To determine how changes made to a database have affected the results returned by a particular query, the particular query may be resubmitted, and the results produced by a previous execution of the query can be compared with the results produced by the current execution of the query. Unfortunately, the process of re-submitting a query and then comparing previous and current results may be tedious and time consuming, especially when many queries are involved. Further, in many circumstances, users would like to know about query result changes continuously, AS and WHEN the query result changes occur.
A variety of techniques may be used to inform users of query result changes. For example, according to a “trigger” approach, a trigger is created on each of the tables referenced in the queries of interest. One implementation of the trigger approach is described in U.S. Pat. No. 6,405,191, entitled “Publish and Subscribe in a Database System”. Inside the body of the trigger, the query is evaluated to detect if the result set has changed. For the trigger approach to be feasible, the trigger has to know the rows changed and the contents of the changed rows (before and after images). Because the after image is desired, the trigger approach will typically be implemented using triggers that fire after the change has been applied (an “after DML” trigger). However, a COMMIT trigger may also be used in conjunction with DML triggers. Specifically, DML triggers may be used to capture and buffer the row changes, and the COMMIT trigger may be used to send the buffered changes to the interested users.
Unfortunately, the trigger approach has several problems. For example, separate triggers have to be defined for each table that is being monitored for changes. Thus, one thousand triggers would be required to monitor one thousand tables. In addition, the trigger body execution has a significant cost since it is akin to executing a PL/SQL procedure. In the presence of a large number of queries, evaluating all the queries can be prohibitively expensive. This can significantly hamper the throughput (and increase latency) of OLTP transactions.
There are also visibility issues with DML triggers since the DML triggers are invoked while the transaction is still active. Invoking the DML trigger while the transaction is still alive may cause correctness issues, since the state of the database when the transaction is active may be significantly different compared to the state of the database at the time the transaction commits, thereby leading to incorrect evaluations. For the evaluation to be correct, the changes performed within a transaction have to be considered atomic as of the COMMIT POINT of the transaction. While visibility issues may be partly addressed by the use of COMMIT triggers, the problems of performance and scalability would still remain.
According to a log mining approach, logs may be used as a source of changes. The changes identified from the logs may be used to evaluate query result changes.

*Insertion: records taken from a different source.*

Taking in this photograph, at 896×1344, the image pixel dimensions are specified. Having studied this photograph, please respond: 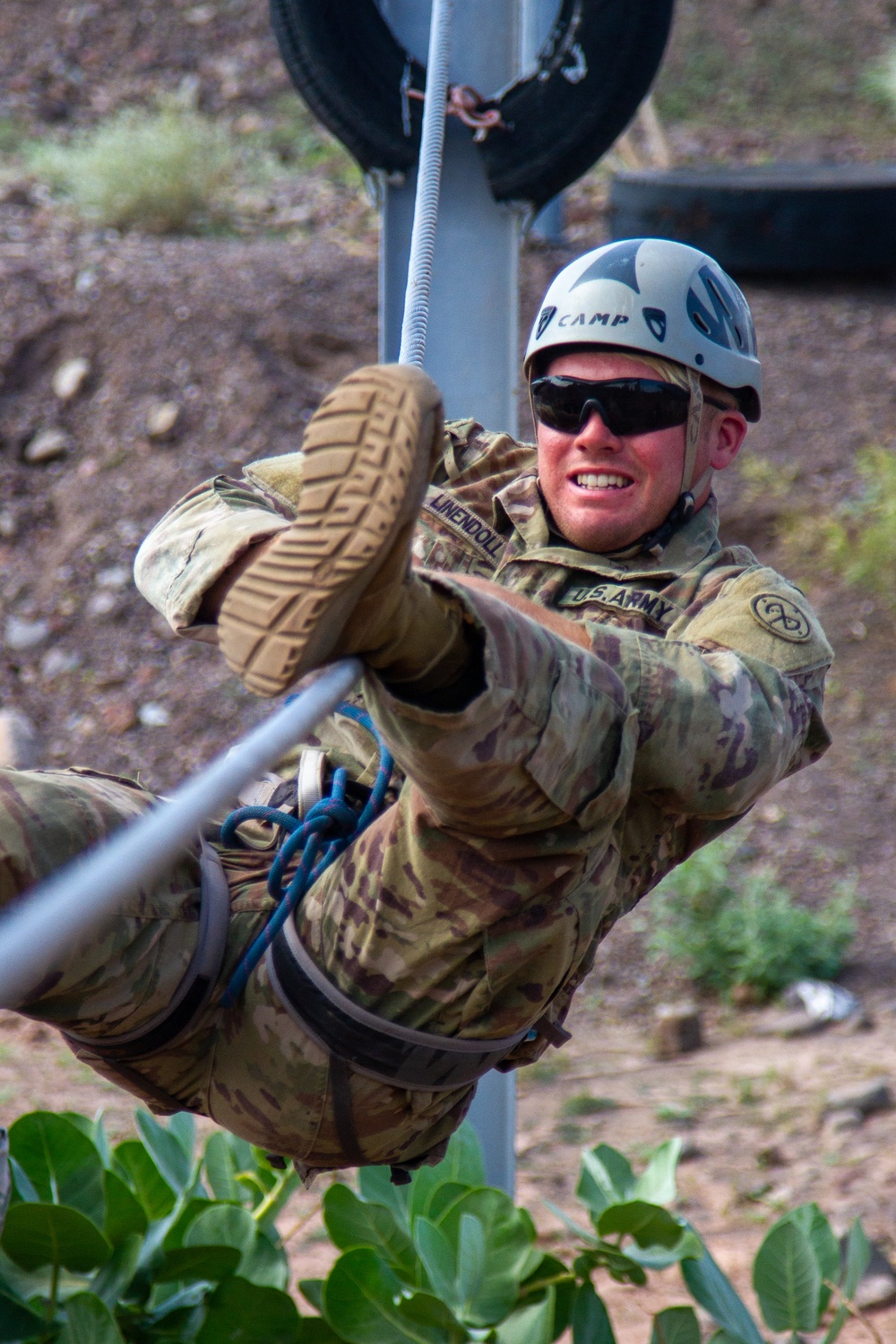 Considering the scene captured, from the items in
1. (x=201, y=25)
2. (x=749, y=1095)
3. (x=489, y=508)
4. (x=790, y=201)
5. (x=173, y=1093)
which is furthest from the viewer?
(x=201, y=25)

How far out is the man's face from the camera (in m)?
2.24

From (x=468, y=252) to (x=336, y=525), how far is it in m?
2.04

The log mining approach can be implemented on top of a commercial DBMS using the log mining tools available. However, there is still a great cost to the log mining approach, both in terms of performance/scalability as well as complexity of logic.
Specifically, log mining has significant I/O costs, since log mining involves scanning redo logs to obtain log records. Every transaction has to be scanned, causing a great deal of I/O. Further, evaluating query result changes is also non-trivial, and evaluating every query will have severe scalability issues.
In a common usage scenario, the events of interest (i.e the query result changes) occur at a frequency much lower than the frequency of OLTP transaction commits i.e a large majority of transactions may not affect any query results at all. Moreover, even if a transaction is “interesting”, the transaction may affect only one or a few of possibly many thousands of registered queries. Checking query result changes for all possible queries for all possible transactions across all DML changes is not likely be a scalable solution.
Based on the foregoing, it is clearly desirable to provide a mechanism for identifying query result changes that avoids the scalability and performance issues of the trigger and log mining approaches.
The approaches described in this section are approaches that could be pursued, but not necessarily approaches that have been previously conceived or pursued. Therefore, unless otherwise indicated, it should not be assumed that any of the approaches described in this section qualify as prior art merely by virtue of their inclusion in this section.